▶ _Problem requirements_:
A faithful copy of the entries is needed, one that leaves out the pictures.

+++

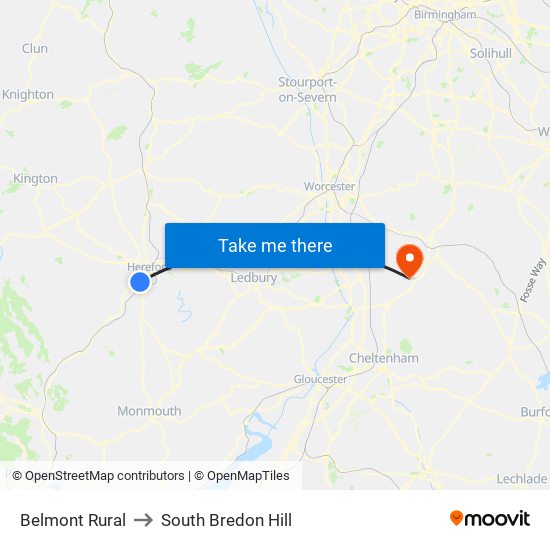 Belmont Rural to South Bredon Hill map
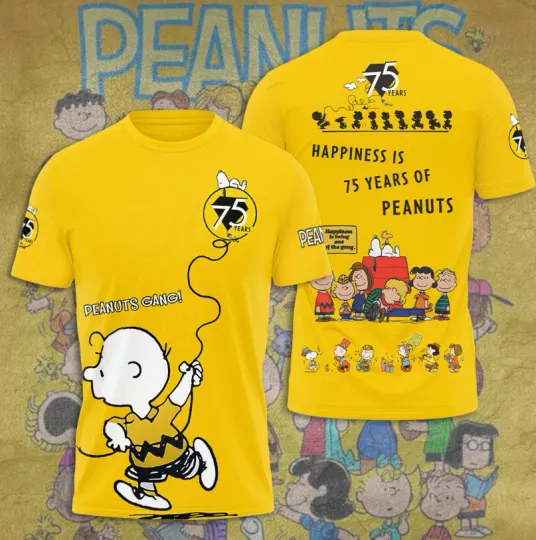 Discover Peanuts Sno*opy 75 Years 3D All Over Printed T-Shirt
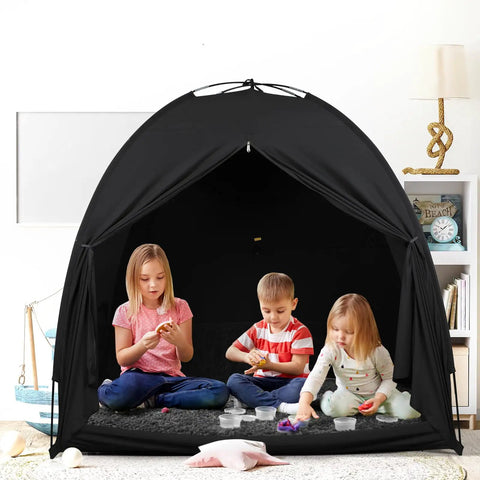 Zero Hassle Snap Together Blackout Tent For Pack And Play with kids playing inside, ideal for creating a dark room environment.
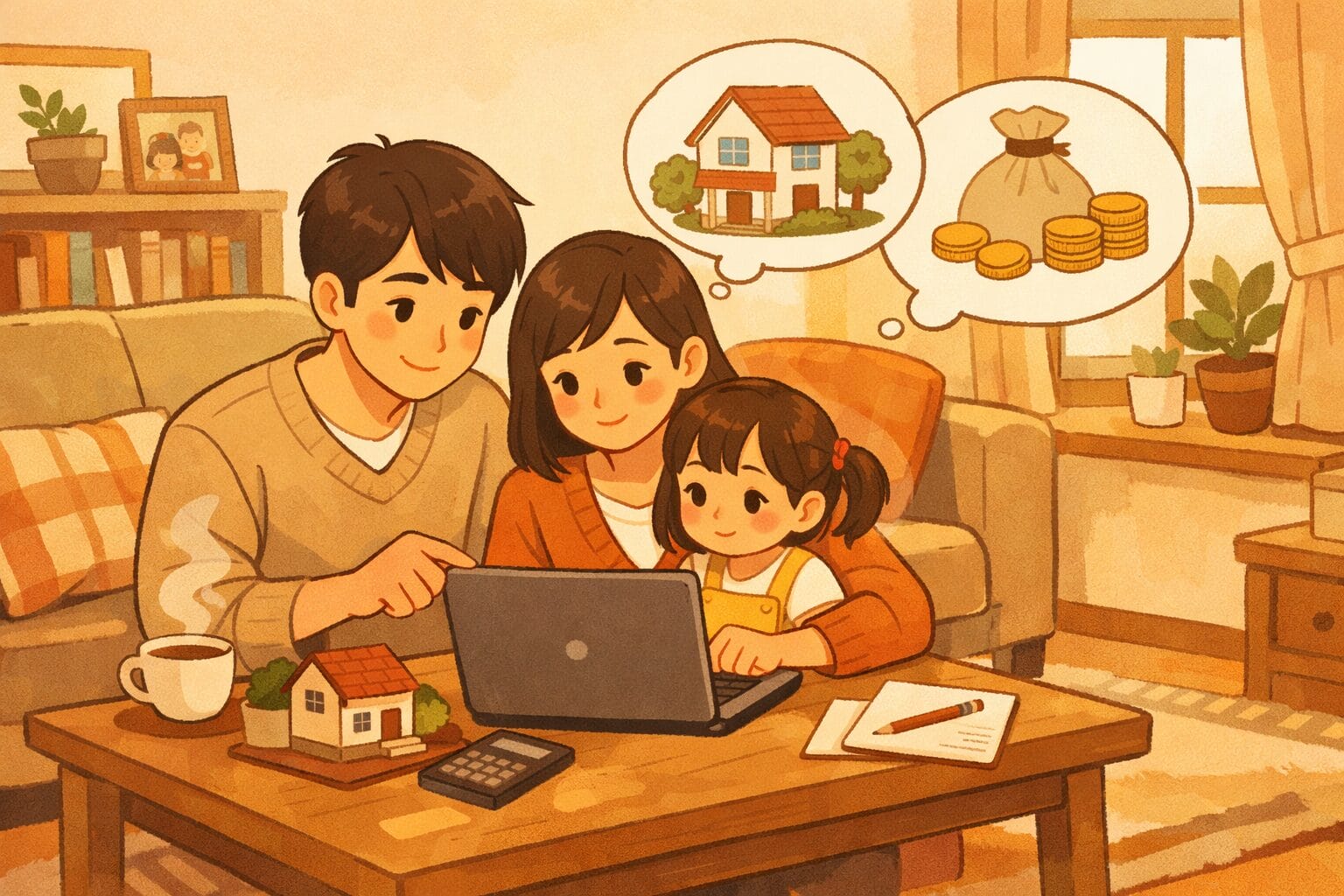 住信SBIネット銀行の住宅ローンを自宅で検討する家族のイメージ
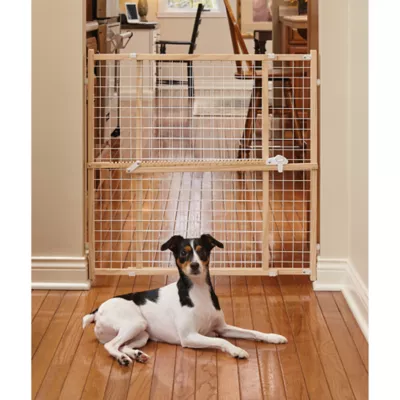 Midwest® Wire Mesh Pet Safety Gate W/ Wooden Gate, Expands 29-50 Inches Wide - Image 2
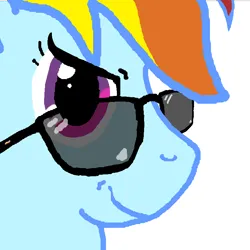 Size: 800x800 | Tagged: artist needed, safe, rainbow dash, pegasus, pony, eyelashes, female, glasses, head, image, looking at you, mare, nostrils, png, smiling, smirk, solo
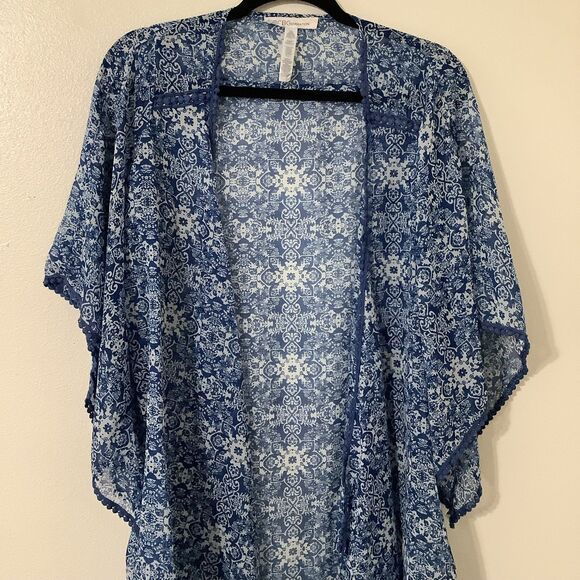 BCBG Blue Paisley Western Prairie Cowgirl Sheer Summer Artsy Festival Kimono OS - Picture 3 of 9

+++

▶ _Solution to this task_:
 Belmont Rural to South Bredon Hill map
 Discover Peanuts Sno*opy 75 Years 3D All Over Printed T-Shirt
 Zero Hassle Snap Together Blackout Tent For Pack And Play with kids playing inside, ideal for creating a dark room environment.
 住信SBIネット銀行の住宅ローンを自宅で検討する家族のイメージ
 Midwest® Wire Mesh Pet Safety Gate W/ Wooden Gate, Expands 29-50 Inches Wide - Image 2
 Size: 800x800 | Tagged: artist needed, safe, rainbow dash, pegasus, pony, eyelashes, female, glasses, head, image, looking at you, mare, nostrils, png, smiling, smirk, solo
 BCBG Blue Paisley Western Prairie Cowgirl Sheer Summer Artsy Festival Kimono OS - Picture 3 of 9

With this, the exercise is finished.